Este regresso do Estado pode ser visto em
diferentes camadas da economia e da política (se é que essas duas coisas podem
ser separadas), mas também na cultura e nos novos aspectos políticos e sociais
que surgem da derrota do neoliberalismo. É o que analisa o italiano Paolo Gerbaudo em seu livro Controlar y proteger: El retorno del Estado (Verso,
2023).
<<<< Eis a entrevista.
·
Você escreveu um livro chamado Controlar y proteger: El retorno
del Estado. O Estado está voltando? Em que você se baseia? Que indicações
atualmente apoiam sua tese?
A tese do meu livro é uma provocação.
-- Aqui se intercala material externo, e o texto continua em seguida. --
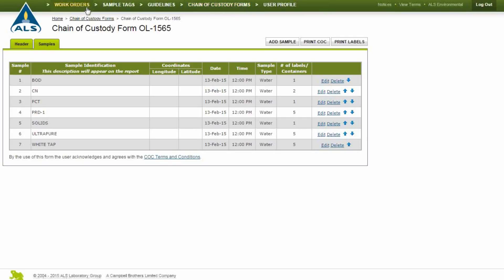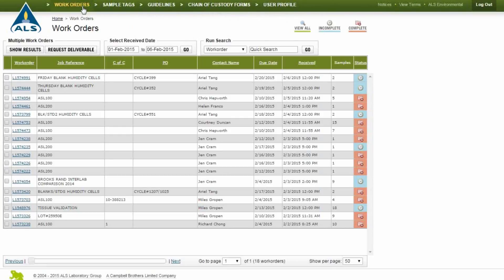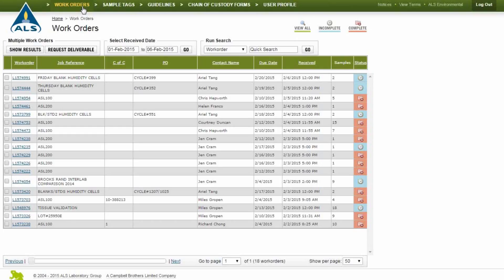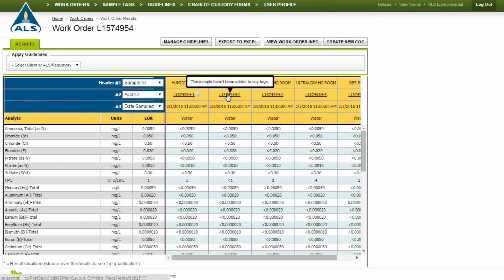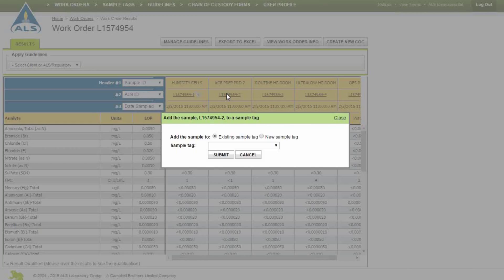Samples can be grouped together using sample tags. This function allows you to graph the results historically for trending purposes. To add a sample tag, open an individual or multiple work orders so the results are visible on the screen. Mouse over the ALS ID you wish to tag and click on it. Choose an existing sample tag or select New Sample Tag and enter a new name.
Durante muito
tempo assumiu-se, em todos os debates, que o neoliberalismo estava a triunfar,
que o mercado estava a crescer e o Estado estava a tornar-se mais tênue, a
diminuir. O que era claramente a representação de um estado de sítio, de uma
verdade. Foi o que aconteceu nas últimas décadas, um triunfo do princípio do
mercado e da divisão do papel do Estado.
Mas desde a crise de 2008 assistimos a uma
tendência inversa a nível global, um regresso do papel do Estado em diferentes
setores, como o setor econômico com maior participação de empresas públicas.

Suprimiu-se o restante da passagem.